Midsummer’s Day today though you wouldn’t think it, the rain was light to start with but by lunchtime we had had enough.
However we still made progress with weeding, especially the onion bed, and the willow patch where a lot of thistles had grown among the potatoes. The Swiss chard was planted out, succession sowing of beetroot and purple Milan turnips done, some of the runner beans hadn’t survived so replacement seeds were put in and fleece was put over the dwarf French beans to give them a fighting chance. The parsley plants – curly and flat Italian varieties – were planted out in the raised bed beside the other strawberry variety – Elegance.
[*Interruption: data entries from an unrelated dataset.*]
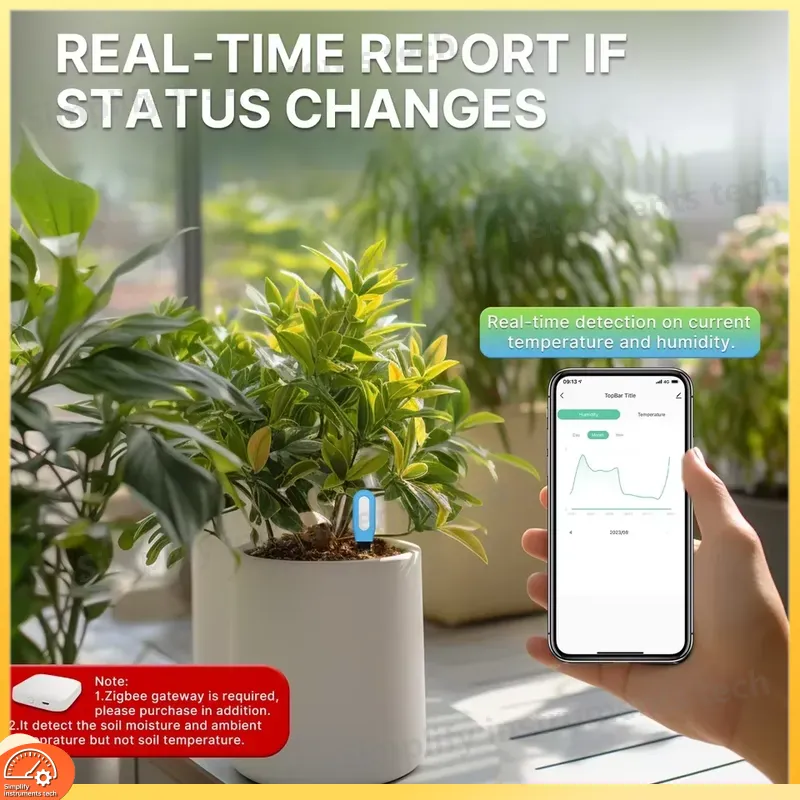 Sensor Suhu Kelembaban Tanah P - Smart Garden Monitoring System ulasan dan harga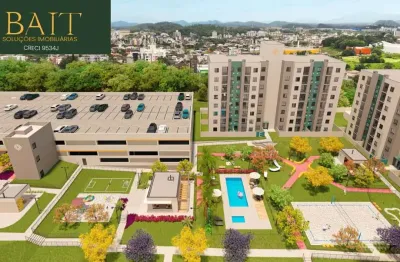 Venda de apartamento em joinville-sc: 2 quartos, 2 salas, 1 banheiro, 1 vaga de garagem, 46,18 m² - bairro costa e silva!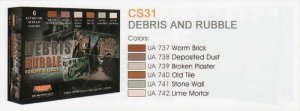 画像3: ライフカラー[CS-31] ヨーロッパ全域の建物瓦礫や破損再現セット (3)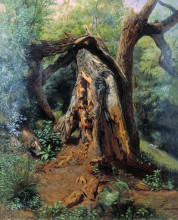 Картина "an old tree" художника "лагорио лев"
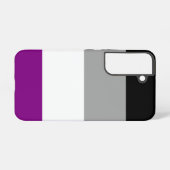 Aseksuele trots samsung galaxy hoesje (Achterkant horizontaal)
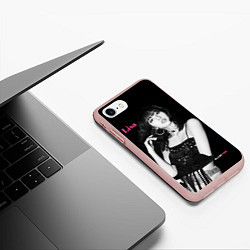 Чехол iPhone 7/8 матовый Blackpink lovely Lisa, цвет: 3D-светло-розовый — фото 2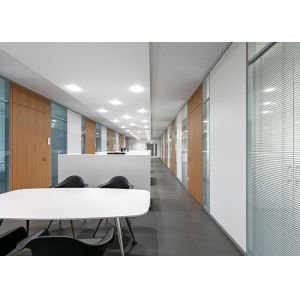 Buy cheap Motor Driven Blinds Office Partition Wall Double Glass Transparency Or Privacy from wholesalers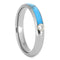 The Men's Jewelry Store (Unisex Jewelry) Charles & Colvard Moissanite, Turquoise 4mm Titanium Comfort-Fit Wedding Band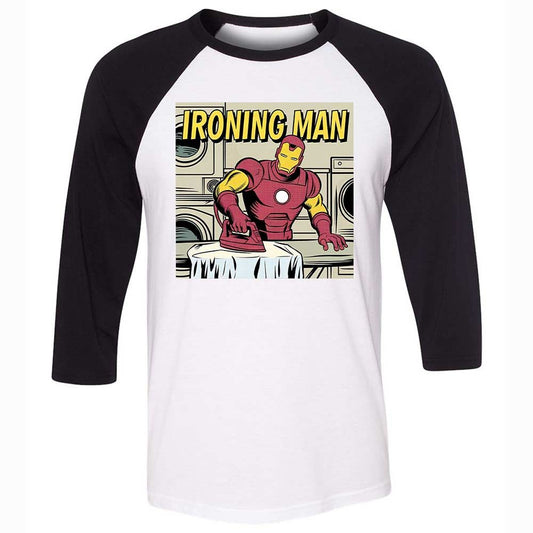 Unisex 3/4 Baseball Tee - ZMKWTRDA - White/Black - 1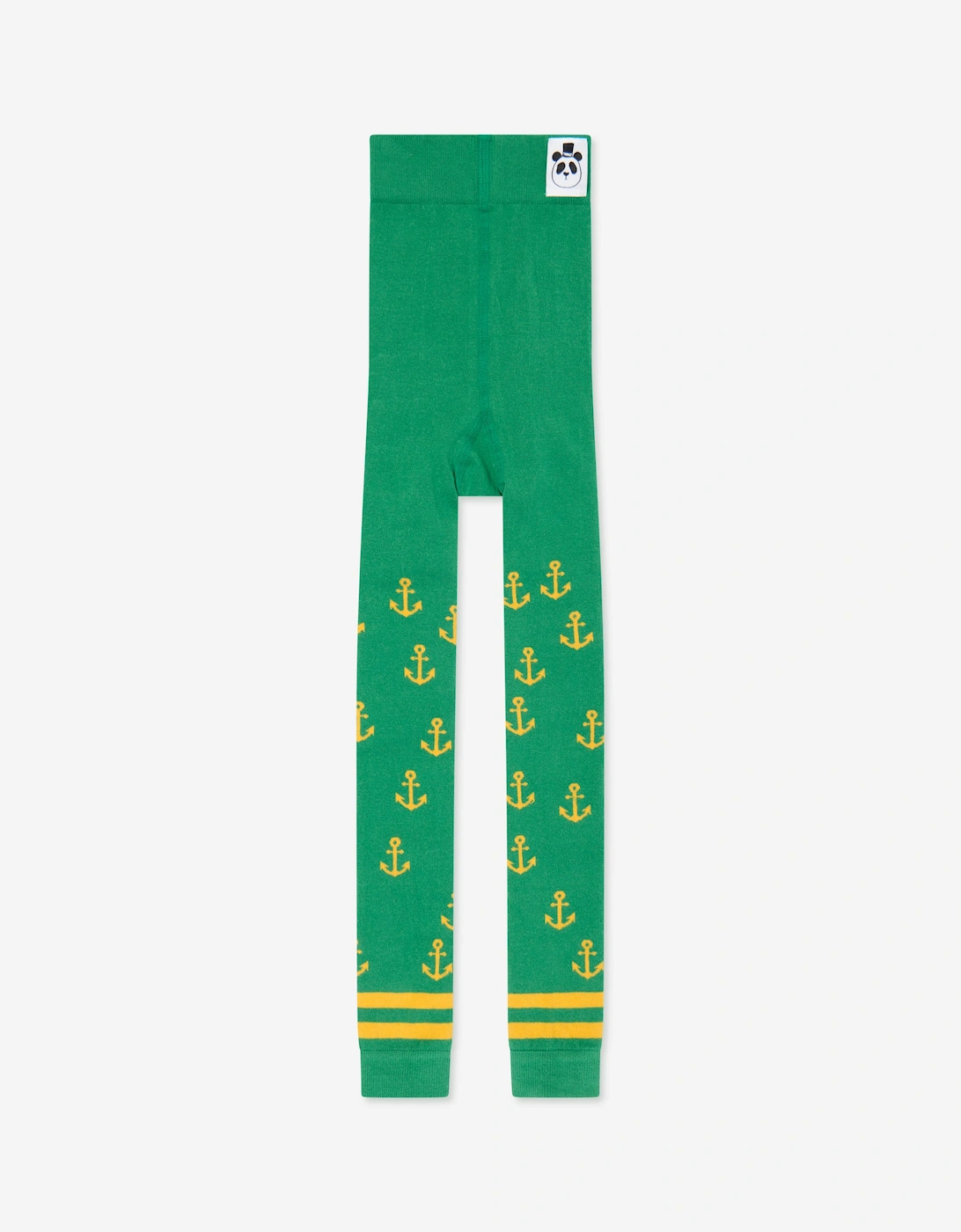Girls Anchor Print Leggings in Green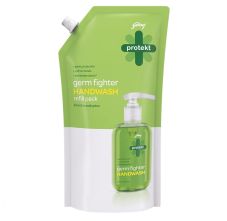 Godrej Protekt Germ Fighter Lime & Eucalyptus Handwash Refill Pack, 725ml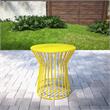 Novogratz Poolside Gossip Collection Roberta Outdoor/Indoor Side Table in Yellow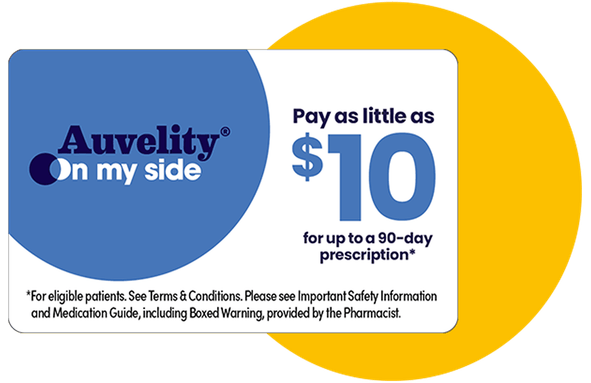 Auvelity® On My Side Copay Card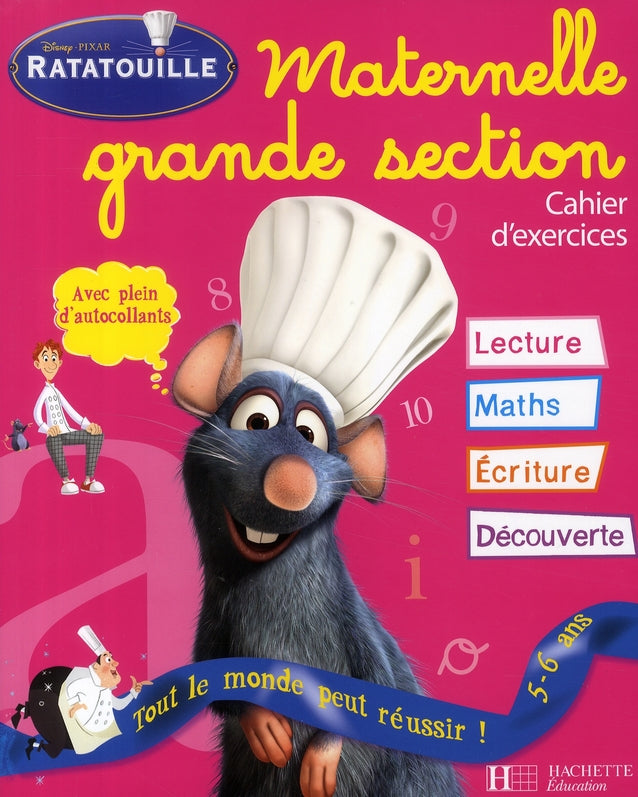 Ratatouille ; maternelle grande section ; cahier d'exercices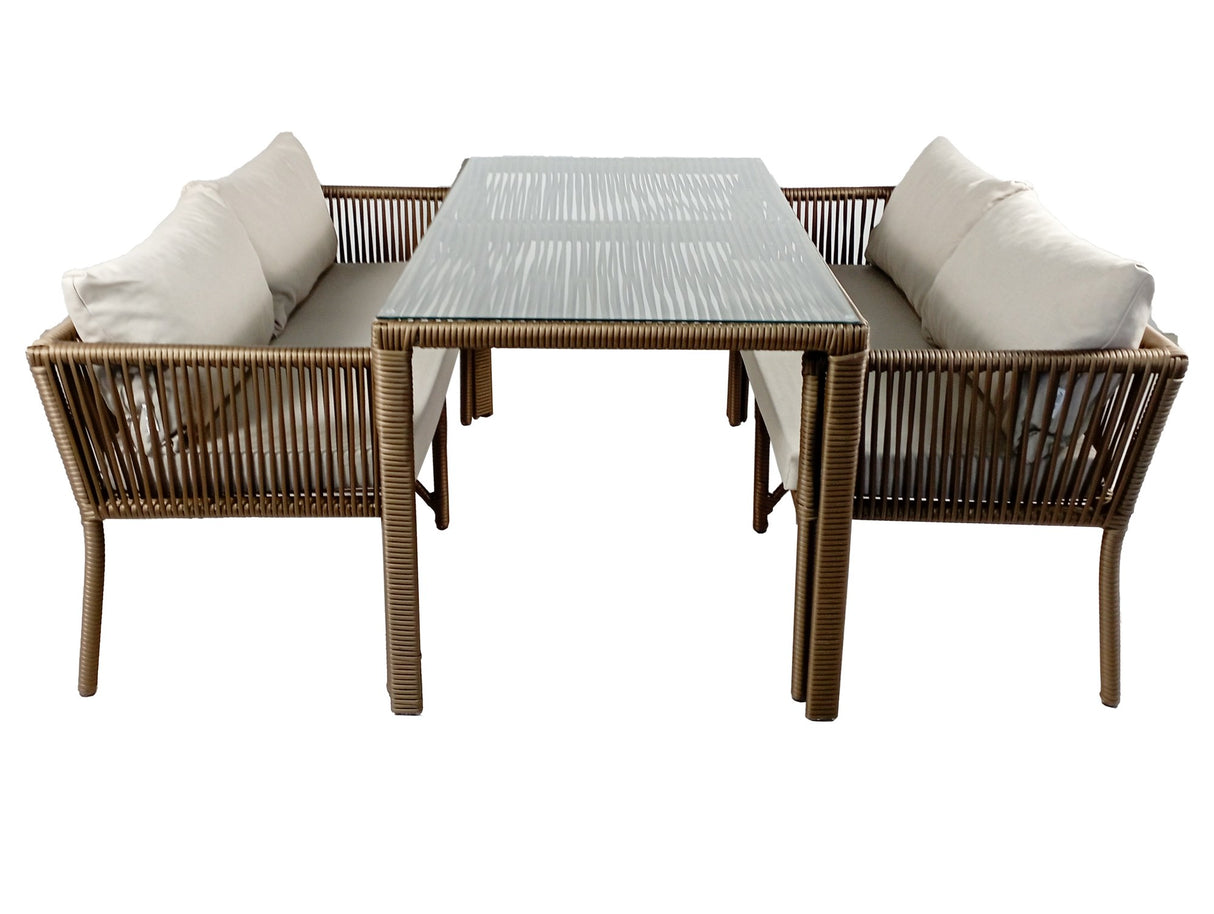 Set mobilier gradina Vera 4 - Dark Brown - Maro inchis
All the vegetable sowing is done now. All that remains is to put in some annual flower seeds once the outside borders are weeded. Generally from the start of July we begin to enjoy the benefits of the months of work and start and enjoy the fresh veg, but it may be later this year due to the cold and cloudy weather.
We did another taste test with the strawberries and had a 50/50 split between Symphony and Gariguette – more testing needed.
The rhubarb variety Raspberry Red is cropping wonderfully giving a large number of bright red, slim sticks. A further two new varieties have been planted this year – Valentine and Stockbridge Arrow – we do like rhubarb.
We have had an interesting visit from some animal – a large amount of soil has been excavated and piled up alongside the edge of the green manure bed, and between the annual rye grass and the agricultural mustard there is a large hole. The bed is netted so the beastie must have pushed its way in along one edge but no signs of damage to the netting or crops. It is probably a fox burying something but a very neat and tidy fox. We need a webcam!
The ‘Beechgrove’ BBC TV program tonight mentioned strawberry plants just out the cooler for planting now for later crops. The variety Elegance which we planted a couple of weeks ago is a similar one so we can look forward to some later fruit – weather permitting since ours are outside, not in the greenhouse.
Following George Anderson’s example, we shall also cut back on the new growth on the gooseberries and currants so all the energy of the plant goes into ripening the fruit.